This week’s edition of Tuesday Blus includes the following titles: Moses and Aaron (1975) – Grasshopper, For Love of Ivy (1968) – Kino, The Garden of Allah (1938) – Kino, plus DVD review of Happy Hour (2015) – Icarus.
Moses and Aaron (1975)
Film Review: ★★★★/☆☆☆☆☆
Disc Review: ★★★½/☆☆☆☆☆
Grasshopper Film makes good on its release of the back catalogue from famed directing duo Jean-Marie Straub and Daniele Huillet with a Blu-ray transfer of their celebrated 1975 title Moses and Aaron, a filmed adaptation of the unfinished Schoenberg opera which premiered out of competition at the Cannes Film Festival and has been largely unavailable until now. Set entirely within the confines of an Italian amphitheater, the story of the Exodus unfolds in three parts. Schoenberg’s ominously offbeat music assists the celebrated long takes of Straub and Huillet, which together make an idiosyncratic experience (not unlike Bruno Dumont’s recent Jeannette, the Childhood of Joan of Arc which plays with certain cinematic and musical sensibilities).
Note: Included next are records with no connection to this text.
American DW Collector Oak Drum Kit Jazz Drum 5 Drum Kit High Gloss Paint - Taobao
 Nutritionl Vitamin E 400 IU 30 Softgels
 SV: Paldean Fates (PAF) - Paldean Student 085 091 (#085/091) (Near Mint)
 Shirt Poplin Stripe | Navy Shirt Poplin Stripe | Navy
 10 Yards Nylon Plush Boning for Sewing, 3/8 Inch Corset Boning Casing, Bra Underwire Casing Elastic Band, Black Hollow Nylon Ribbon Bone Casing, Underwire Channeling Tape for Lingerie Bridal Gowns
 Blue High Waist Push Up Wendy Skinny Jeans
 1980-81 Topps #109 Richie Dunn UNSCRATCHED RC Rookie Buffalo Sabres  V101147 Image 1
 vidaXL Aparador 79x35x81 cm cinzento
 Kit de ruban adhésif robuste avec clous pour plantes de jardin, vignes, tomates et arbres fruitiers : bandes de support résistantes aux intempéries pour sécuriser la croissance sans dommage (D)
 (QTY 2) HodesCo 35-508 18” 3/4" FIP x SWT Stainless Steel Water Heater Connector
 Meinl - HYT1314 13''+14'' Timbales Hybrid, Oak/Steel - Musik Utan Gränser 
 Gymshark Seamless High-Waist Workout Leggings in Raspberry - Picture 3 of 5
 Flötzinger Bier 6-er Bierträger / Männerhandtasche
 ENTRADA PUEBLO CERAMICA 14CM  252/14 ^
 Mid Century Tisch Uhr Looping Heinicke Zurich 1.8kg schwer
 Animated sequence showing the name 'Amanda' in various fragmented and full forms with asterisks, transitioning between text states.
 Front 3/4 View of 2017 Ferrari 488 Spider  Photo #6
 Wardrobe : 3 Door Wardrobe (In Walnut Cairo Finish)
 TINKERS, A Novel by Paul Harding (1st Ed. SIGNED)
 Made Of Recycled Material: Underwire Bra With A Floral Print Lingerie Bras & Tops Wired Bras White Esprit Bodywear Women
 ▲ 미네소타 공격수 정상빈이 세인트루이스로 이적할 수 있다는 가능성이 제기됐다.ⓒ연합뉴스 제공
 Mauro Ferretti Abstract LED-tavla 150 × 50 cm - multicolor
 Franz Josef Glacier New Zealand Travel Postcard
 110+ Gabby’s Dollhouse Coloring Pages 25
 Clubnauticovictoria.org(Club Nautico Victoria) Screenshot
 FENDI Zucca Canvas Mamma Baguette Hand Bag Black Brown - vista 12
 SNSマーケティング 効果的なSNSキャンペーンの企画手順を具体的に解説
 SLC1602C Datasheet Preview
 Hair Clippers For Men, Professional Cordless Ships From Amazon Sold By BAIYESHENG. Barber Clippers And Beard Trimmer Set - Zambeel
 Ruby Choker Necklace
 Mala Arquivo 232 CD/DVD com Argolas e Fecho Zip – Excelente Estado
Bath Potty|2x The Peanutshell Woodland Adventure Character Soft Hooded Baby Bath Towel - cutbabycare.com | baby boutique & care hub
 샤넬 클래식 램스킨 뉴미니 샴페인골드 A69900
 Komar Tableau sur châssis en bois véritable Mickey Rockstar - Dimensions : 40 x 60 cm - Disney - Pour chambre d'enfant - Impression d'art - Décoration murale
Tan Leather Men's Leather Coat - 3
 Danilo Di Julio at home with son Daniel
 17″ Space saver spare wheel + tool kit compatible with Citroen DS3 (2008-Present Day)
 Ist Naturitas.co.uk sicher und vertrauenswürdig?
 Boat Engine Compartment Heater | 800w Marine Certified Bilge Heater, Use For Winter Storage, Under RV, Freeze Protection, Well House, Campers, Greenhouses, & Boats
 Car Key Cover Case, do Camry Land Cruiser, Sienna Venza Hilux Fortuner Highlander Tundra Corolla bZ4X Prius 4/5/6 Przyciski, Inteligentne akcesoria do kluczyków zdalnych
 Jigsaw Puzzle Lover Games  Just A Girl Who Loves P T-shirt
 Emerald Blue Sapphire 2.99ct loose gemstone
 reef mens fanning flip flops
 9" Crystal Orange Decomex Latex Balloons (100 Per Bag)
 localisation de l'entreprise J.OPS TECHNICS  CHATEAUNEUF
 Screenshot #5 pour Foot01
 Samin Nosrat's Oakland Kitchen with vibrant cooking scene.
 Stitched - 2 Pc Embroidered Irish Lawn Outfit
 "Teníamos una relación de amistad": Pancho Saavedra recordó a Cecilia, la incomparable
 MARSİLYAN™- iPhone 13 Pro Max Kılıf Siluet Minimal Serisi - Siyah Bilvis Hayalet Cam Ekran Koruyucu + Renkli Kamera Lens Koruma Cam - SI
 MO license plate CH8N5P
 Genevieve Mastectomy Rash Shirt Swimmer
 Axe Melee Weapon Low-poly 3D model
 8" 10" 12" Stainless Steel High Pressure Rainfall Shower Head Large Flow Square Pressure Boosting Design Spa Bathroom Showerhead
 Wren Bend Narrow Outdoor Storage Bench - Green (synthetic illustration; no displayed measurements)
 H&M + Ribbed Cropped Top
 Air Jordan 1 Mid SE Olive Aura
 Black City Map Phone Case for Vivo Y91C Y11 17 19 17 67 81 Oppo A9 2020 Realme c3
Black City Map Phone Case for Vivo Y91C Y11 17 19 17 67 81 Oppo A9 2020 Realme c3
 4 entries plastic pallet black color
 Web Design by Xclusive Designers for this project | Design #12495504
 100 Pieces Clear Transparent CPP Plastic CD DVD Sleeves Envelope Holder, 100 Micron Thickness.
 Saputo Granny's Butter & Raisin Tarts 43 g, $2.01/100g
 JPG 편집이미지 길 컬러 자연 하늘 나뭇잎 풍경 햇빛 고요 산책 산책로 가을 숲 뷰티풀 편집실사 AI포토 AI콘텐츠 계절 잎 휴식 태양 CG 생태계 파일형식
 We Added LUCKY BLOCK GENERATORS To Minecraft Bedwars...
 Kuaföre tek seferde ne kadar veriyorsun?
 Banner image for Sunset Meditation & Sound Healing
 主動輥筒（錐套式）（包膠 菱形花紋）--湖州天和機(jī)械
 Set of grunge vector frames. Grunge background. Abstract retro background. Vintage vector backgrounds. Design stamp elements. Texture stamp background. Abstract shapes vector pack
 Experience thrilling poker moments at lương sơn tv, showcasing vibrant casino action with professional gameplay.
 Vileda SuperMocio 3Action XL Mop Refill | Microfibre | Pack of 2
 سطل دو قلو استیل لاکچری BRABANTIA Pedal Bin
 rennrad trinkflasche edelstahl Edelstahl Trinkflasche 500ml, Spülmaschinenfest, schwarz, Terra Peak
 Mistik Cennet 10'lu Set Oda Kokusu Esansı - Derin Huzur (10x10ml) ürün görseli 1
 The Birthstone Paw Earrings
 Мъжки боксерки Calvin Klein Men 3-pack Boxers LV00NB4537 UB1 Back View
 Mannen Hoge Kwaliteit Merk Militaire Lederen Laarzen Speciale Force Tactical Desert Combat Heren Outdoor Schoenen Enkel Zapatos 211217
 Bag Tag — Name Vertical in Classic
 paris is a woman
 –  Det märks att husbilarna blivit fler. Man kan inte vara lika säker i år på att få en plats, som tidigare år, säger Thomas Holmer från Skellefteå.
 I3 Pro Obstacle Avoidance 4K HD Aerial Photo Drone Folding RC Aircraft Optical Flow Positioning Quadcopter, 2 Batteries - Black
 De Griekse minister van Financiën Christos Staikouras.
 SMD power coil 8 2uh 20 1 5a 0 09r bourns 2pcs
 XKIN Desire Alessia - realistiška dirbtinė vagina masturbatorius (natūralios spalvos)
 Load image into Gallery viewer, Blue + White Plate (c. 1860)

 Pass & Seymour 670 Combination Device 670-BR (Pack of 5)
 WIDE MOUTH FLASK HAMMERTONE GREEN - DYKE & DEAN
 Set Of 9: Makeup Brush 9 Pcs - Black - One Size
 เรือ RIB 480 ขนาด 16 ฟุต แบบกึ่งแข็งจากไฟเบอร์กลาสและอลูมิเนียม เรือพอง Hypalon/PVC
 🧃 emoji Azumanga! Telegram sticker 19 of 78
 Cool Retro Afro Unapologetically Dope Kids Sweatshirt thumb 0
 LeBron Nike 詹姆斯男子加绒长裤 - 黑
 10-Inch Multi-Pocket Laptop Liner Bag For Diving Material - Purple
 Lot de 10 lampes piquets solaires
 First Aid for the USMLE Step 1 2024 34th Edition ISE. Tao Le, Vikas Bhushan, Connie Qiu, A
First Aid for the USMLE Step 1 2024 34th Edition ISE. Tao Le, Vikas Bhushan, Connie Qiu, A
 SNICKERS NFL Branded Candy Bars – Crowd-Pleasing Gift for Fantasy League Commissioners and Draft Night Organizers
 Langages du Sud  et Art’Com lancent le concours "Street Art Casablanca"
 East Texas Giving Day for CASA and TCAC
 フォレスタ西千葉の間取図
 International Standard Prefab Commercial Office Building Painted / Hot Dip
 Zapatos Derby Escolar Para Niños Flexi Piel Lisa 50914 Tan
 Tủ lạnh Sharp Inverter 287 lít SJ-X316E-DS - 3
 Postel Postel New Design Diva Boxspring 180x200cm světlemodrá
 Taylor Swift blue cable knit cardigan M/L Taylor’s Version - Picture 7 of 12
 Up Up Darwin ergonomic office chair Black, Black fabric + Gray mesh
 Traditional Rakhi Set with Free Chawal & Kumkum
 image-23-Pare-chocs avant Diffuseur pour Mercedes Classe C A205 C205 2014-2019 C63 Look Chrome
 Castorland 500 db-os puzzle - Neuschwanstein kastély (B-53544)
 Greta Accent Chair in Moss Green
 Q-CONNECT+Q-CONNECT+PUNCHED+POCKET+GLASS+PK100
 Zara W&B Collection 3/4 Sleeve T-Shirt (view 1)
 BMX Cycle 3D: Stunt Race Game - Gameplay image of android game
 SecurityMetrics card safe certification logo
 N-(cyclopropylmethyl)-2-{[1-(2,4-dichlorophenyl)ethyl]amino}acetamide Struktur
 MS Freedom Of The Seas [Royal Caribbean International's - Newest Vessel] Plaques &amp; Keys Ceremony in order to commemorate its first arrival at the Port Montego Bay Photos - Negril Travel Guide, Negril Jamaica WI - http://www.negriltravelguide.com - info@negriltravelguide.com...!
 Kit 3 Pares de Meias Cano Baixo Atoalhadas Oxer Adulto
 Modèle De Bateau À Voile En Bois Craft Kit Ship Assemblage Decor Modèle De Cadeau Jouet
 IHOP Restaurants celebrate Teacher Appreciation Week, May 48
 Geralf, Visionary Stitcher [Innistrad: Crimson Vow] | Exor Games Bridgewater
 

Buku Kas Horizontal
Moses (Gunter Reich) sing-talk battles with his brother Aaron (Louis Devos) for the ear of the downtrodden Jewish people, who argue over the capabilities of God vs. the pagan deities the latter brother professes to worship. The famed staff turning into a snake and the eventual Golden Calf make their grand entrances in this foreboding musical which takes the Biblical fable into the more Greek tragedy territory than a religious experience.
Compelling and formidable, Straub and Huillet turn Schoenberg’s opera into a fascinating cinematic experience which charts the regression of an oppressed people faced with deciding between hedonism or righteousness after experiencing a sense of hope and freedom.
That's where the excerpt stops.